Duisburg, 31. Oktober - 6. November 2005
»Between the Devil and the Wide Blue Sea« von Marion Hänsel

Freunde der Sonne

Von Thomas Warnecke Die 29. Duisburger Filmwoche: ein Durchfahrtsland für den deutschsprachigen Doku-Film.

»Ist das noch Fußball?«, fragt die Textzeile unter einem Bild von Bernd Pfarr, auf dem ein gewichthebender Mann mit Skiern an den Füßen vom 5-Meter-Sprungturm ins Becken springt. Alles, was im Museum hängt, ist Kunst – alles, was auf der Duisburger Filmwoche läuft, ist Dokumentarfilm. Die Moderatoren der Publikumsgespräche mußten sich gelegentlich solch apodiktischer Erklärungen bedienen, wenn der Diskurs vom konkreten Film dokumentarfilmtheoretisch zu Adam und Eva wegzudriften drohte. Natürlich ging es trotzdem immer darum, was dokumentarisch oder gar Realität genannt zu werden habe, deren Freunde die Anwesenden nach dem Motto der Filmwoche ja sein sollten und wollten.

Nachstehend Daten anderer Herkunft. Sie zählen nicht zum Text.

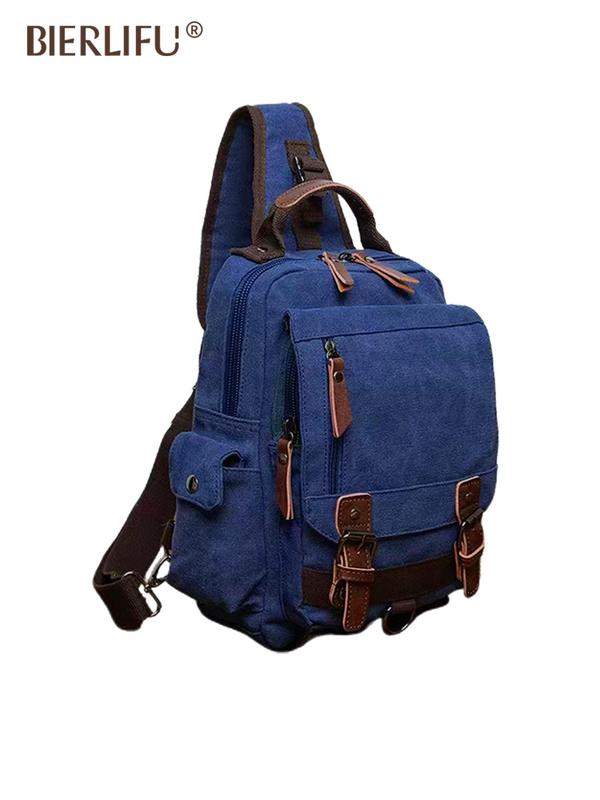 Men's Casual Plain Canvas Crossbody Bag, Fashionable Belted Design Sling Bag for Daily Used, Casual Trendy Versatile High-quality Daily Commuting Bag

Um sich nicht im Grundsatzstreit über das Sub- oder Objektive des Dokumentarischen zu verlieren, hatte die Festivalregie nach Alexandra Sells mauem Eröffnungsfilm Durchfahrtsland am zweiten Tag mit »Moskatchka« und »Es sollen rote Tulpen blühen« quasi die Alternativen vorgegeben, an denen sich ein Geschmacksurteil, meinetwegen auch eine Haltung, zu bilden hatte. Sprachen Ingeborg Jacobs und Hartmut Seifert schon im Titel einen Wunsch an die angeblich schmutzigste Stadt der Welt aus, ließ ihr Film kein Zweifel daran, ehrlich gut gemeint zu sein – und machte sozusagen gemeinsame Sache mit den gezeigten und eifrig befragten Bewohnern.

Annett Schütze dagegen stellte für »Moskatchka« in drei Metern Entfernung von sich im gleichnamigen Rigaer Stadtteil ihre Kamera auf, verzichtete darauf, Menschen interviewend zu Leibe zu rücken und fängt die Wirklichkeit damit ein, daß sie auf das Außerhalb des Bildkaders verweist. Um sich eine Vorstellung von der Schönheit dieses Films zu machen, sei an z.B. Stummfilmkomödien erinnert, deren beste Gags häufig darin bestehen, daß etwa Charlie Chaplin den Bildrahmen verläßt und das Geschehen außerhalb des Bildes der Vorstellung des Zuschauers überläßt. Der Unterschied besteht in der Manipulation, mit der eine Komödienhandlung diese Vorstellung des Zuschauers bestimmt, während Schützes formal rigide Entscheidung dem Zuschauer größtmögliche Freiheit läßt. »Moskatchka« hätte einen Preis bekommen müssen, denn hier wird augenfällig, daß Abbildung der äußeren Wirklichkeit nur im Zusammenfall von Sehen und Imaginieren gelingen kann.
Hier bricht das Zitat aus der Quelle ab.